A Memoir Shouldn’t Preach

Started talking to an enthusiastic new author yesterday, and the work ties nicely into this blog. Here is something you might already know: show don’t tell. Though I think the concept is better expressed: experience, don’t philosophize. Show don’t tell is a writing tip you can get in any book or site dealing with writing basics, but let’s take a look at how the old adage applies to writing (or ghostwriting, in my case) a memoir or any first person account of events. Keep in mind that I’m assuming you aren’t writing a book of essays but a book that you want to read like a novel–something where the characters grab you, suspense builds, and readers are eager to turn that page and see what happens next.

Often, a first draft will be chock full of sections that are essentially essays. This is where the author steps outside his story and talks about how he believes people should live. For instance: watch less T.V., play more sports, have more adventures, value friendships, take your mother’s advice, live for the now, think about the future. The list goes on. These topics might sound trite, the way I’ve listed them here, but really they’re not. Each writer has his or her unique viewpoint on such advice, based upon unique life experience, which is what makes these messages fresh and unique each time they are reworded and expressed in a new way. Take Keith Richards’ memoir, Life. The message, if you ask me, is simply: life is all about friendships. He is certainly not the first person to say that, but the message sounds completely new coming from his perspective.

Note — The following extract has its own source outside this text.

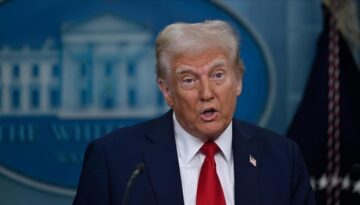 Trump’tan İran’a: Sızdırılan anlaşma şartları gerçeği yansıtmıyor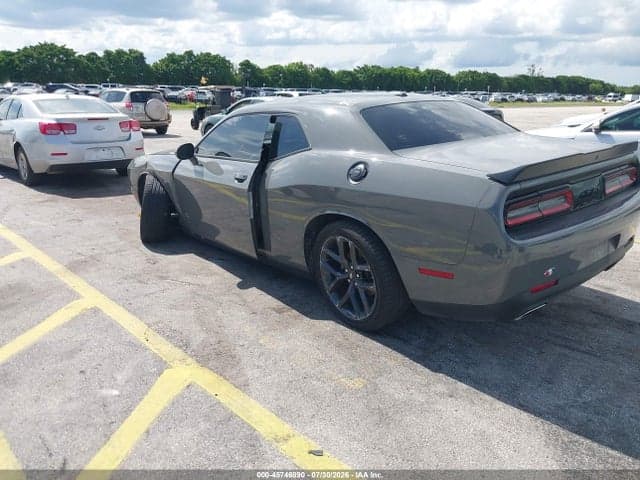 2023 DODGE CHALLENGER GT 3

It’s important to include these essays in a first draft because it helps you work out what your book is really all about, at its core. But once your first draft is finished, your best bet is to go back through the book and separate the sections that are essays from those that are part of the actual story. Highlight or cut and paste into a separate document. Whatever works for you. Then simply read each essay individually and ask yourself, “when did I learn this lesson? What experiences taught me this?” Your next job is to write those experiences into your memoir so that the reader lives them with you and learns the same lesson you learned. You want to stay away from telling readers what to think, but rather guide them through your life, and they’ll have to see the world from your perspective.

Essays are, pardon the expression: easy. They really are. Here is what I think! Everyone pay attention! And essays have their place, but that usually isn’t in the middle of a memoir or novel. If you want your memoir or novel to have a message, let the characters’ lives embody that message, and never state it out loud. The human brain is programmed to learn by deduction. If this happened, what does it mean? If I failed while doing my best, how can I make a paradigm shift in how I see “my best?” We’re basically natural-born scientists. So let your readers make these deductions for themselves by experiencing your life, day by day or event by event.